Kracht: Sicherlich, so viel Weitsicht muss jeder professionelle Verein mitbringen, auch wenn dieser Schritt Stand jetzt noch nicht notwendig ist. Ich persönlich fände es ein bisschen schade. Das Stadion hat Geschichte, liegt mitten in der Stadt. Dazu bin ich kein großer Fan von diesen Ufos irgendwo auf der Wiese, selbst wenn das dem Verkehrsfluss in der Stadt helfen mag. Im Moment reicht das Stadion allemal aus und versprüht durch seine Lage eine ganz besondere Atmosphäre.

SPOX: RB auf dem Vormarsch, das Zentralstadion vielleicht bald Geschichte. Blutet ihnen als langjähriger Lokomotive-Leipzig-Spieler nicht trotzdem ein wenig das Herz, wie weit der 'alte' Leipziger Fußball in den Hintergrund rückt?

Kracht: Überhaupt nicht! Ich finde es wirklich toll, was Heiko Scholz zum Beispiel bei Lok macht und wie sich das entwickelt. Trotzdem gibt es zu viele Dinge, die ich nicht gutheißen kann und die eine vernünftige Entwicklung des Vereins hemmen. Natürlich ist es traurig, wenn ein solcher Verein nicht mehr auf der größten Bühne spielt, aber Tradition kann nicht mehr das einzige Argument sein, wenn man rechts und links von anderen Vereinen überholt wird. Man muss auch ein bisschen mit der Zeit gehen. Ich würde mir wünschen, dass Lok stabil auf einem vernünftigen Niveau spielen kann. Dabei ist aber gleichzeitig die Bereitschaft der Fans gefragt, eine professionelle Marschrichtung mitzugehen.

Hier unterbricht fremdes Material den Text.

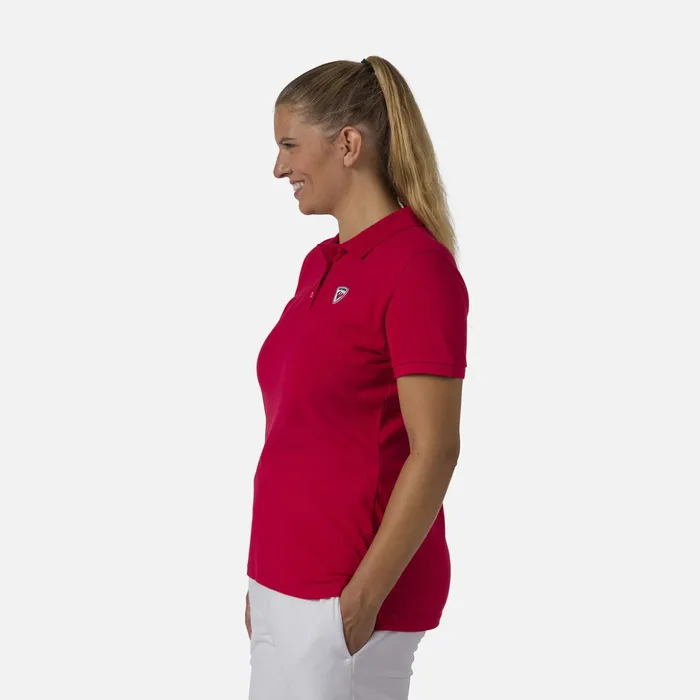 Women Women039s Logo Polo Carmin307 Rossignol Polos and Tees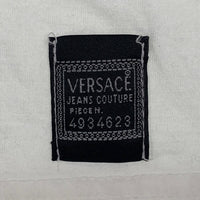 VERSACE JEANS COUTURE ヴェルサーチジーンズクチュール プリント ロングスリーブTシャツ ホワイト Size M 相当 福生店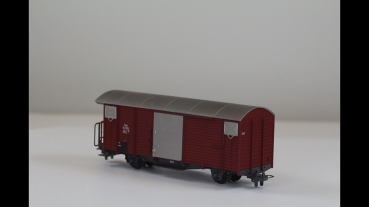 Preview: Bemo 2250-1 Gedeckter Güterwagen GB 5041 RhB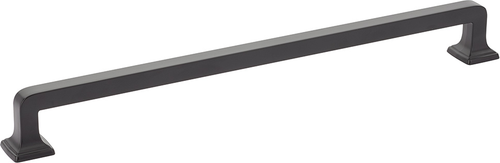 Menlo Park Appliance Pull, Matte Black, 15'' cc 535-MB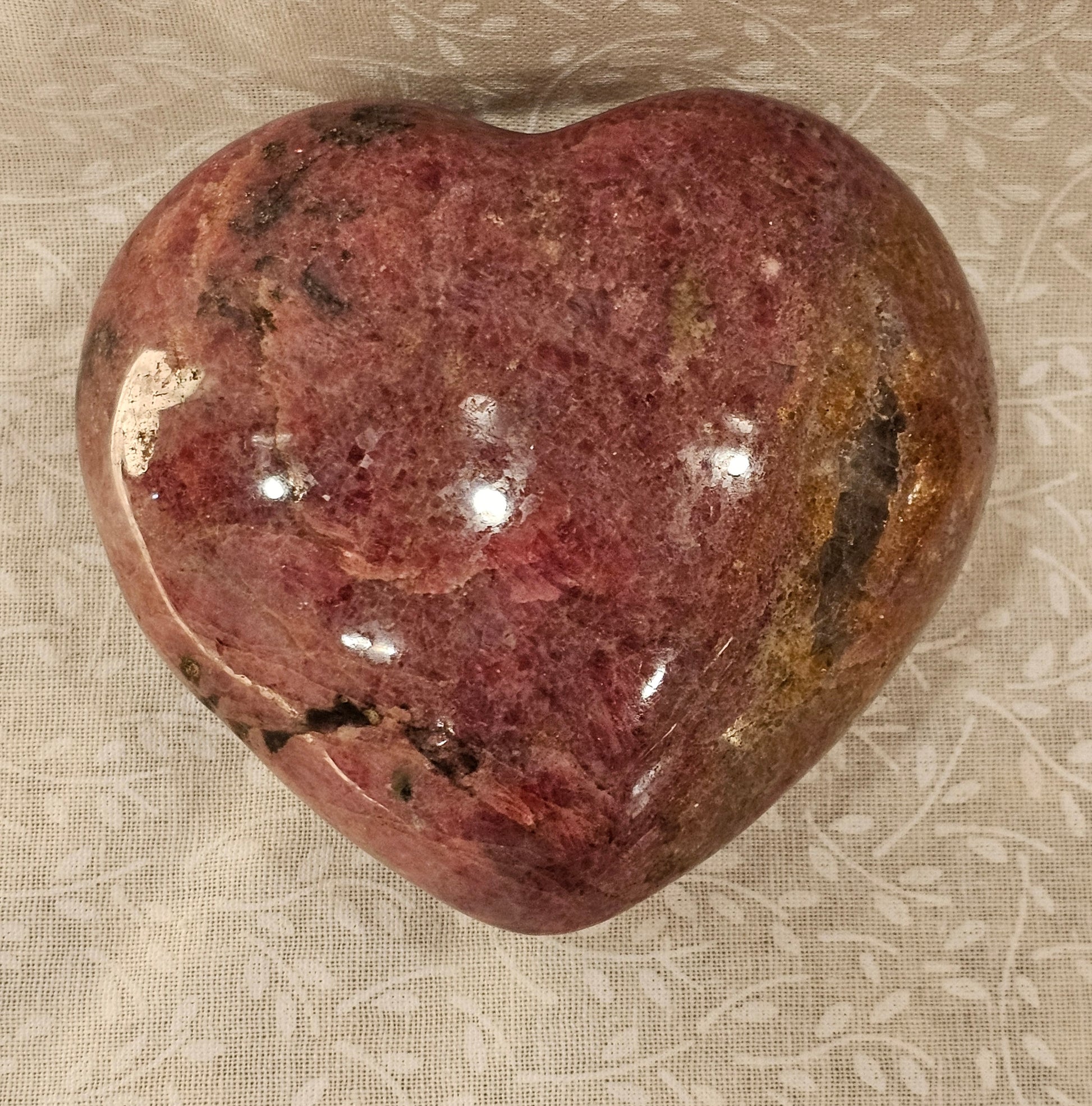 Rhodenite Crystal Heart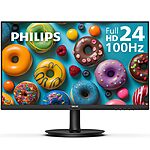 Philips New 24 inch Frameless Full HD (1920 x 1080) 100Hz, 241V8LB $75 + Free shipping w/ prime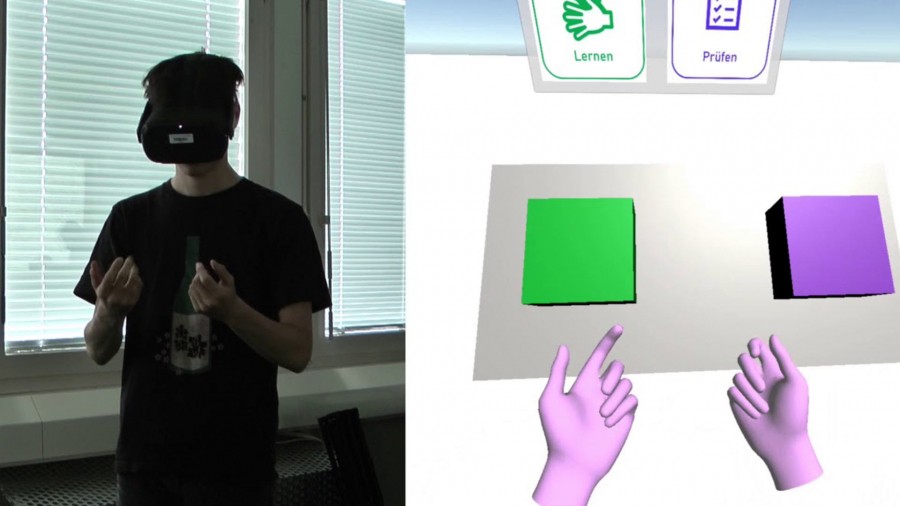 Отслеживание рук в Quest делает возможным изучение языка жестов в VR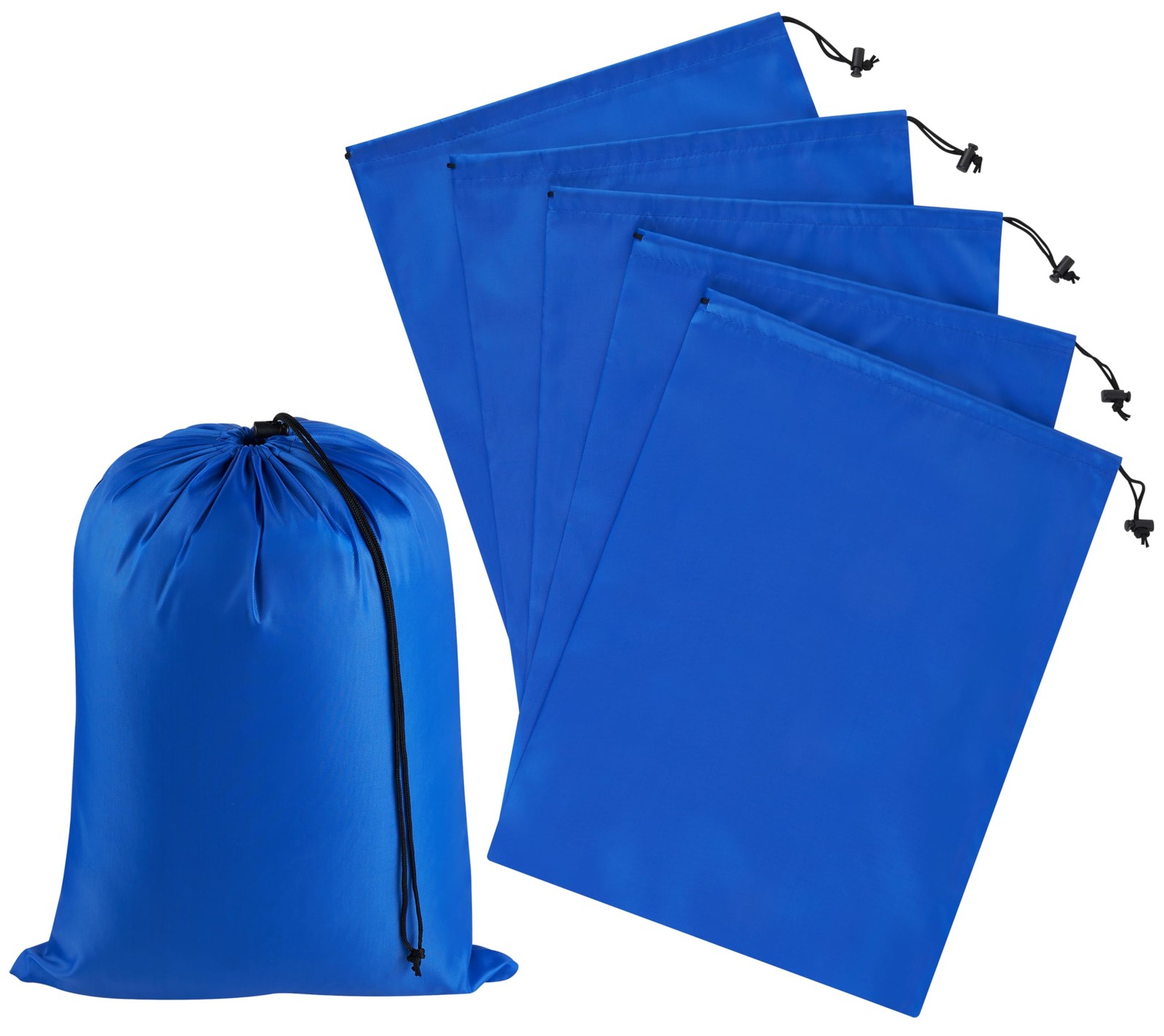 Drawstring Bag with Toggle – Nylon Cinch and Ditty Pouch for Shoes, Pantry, C…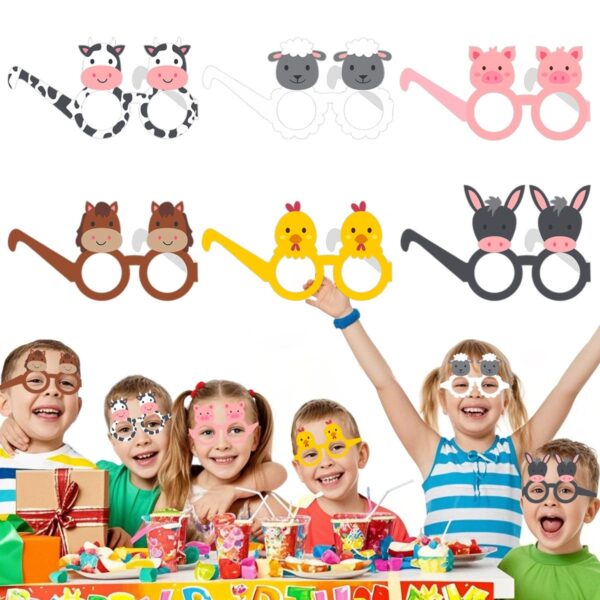 Farm Glasses Animals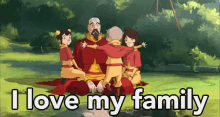 family i love my family avatar legend of korra family i love my family avatar legend of korra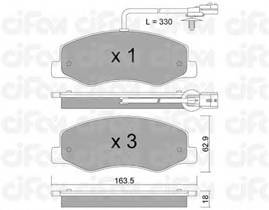 CIFAM 822-900-0 Комплект гальмівних колодок,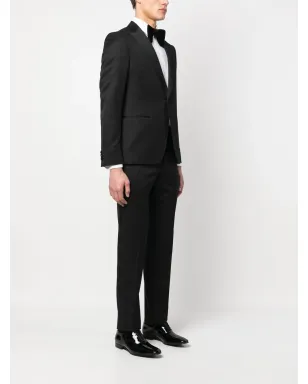 Zegna シングルブレストスーツ - ブラック - サムネイル3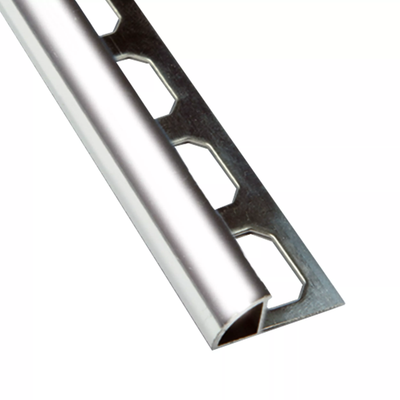 Round Edge 3/8 in. Polished Chrome Profile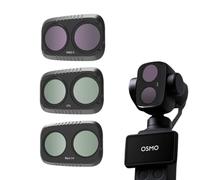 Kit de filtros ND y CPL para DJI Osmo Pocket 4P, UV CPL ND ND/PL VND2-5 Black-1/4 STAR NIGHT Filtros Accesorios, vidrio óptico HD y marco de aluminio (CPL+BLACK-1/4+VND2-5)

SPOX: Wie ist das bei Ihnen im Freundes- und Familienkreis? Da sind doch sicher auch Lok- oder Chemie-Fans - wie spricht man da über RB Leipzig?

Kracht: Das ist ganz unterschiedlich. Mein ältester Sohn ist großer Lok-Fan, geht auch auf Auswärtsfahrten und hat gerade erst den Aufstieg bejubelt. Für ihn gibt es nur Lok. Chemie ist noch mal eine Sache für sich, weil sich das Lager auf zwei Vereine verteilt. Es ist dennoch überall das Gleiche: Du kannst dich nicht über die finanziellen Mittel anderer beschweren, wenn du selbst eine solche Entwicklung nicht mitgehen willst. So gibt es eben auch genügend Leute, die erkennen, dass Profifußball ohne finanzielle Mittel nicht möglich ist. Es gibt einige Bekannte, die zweigleisig fahren, auch wenn man darüber kaum offen spricht.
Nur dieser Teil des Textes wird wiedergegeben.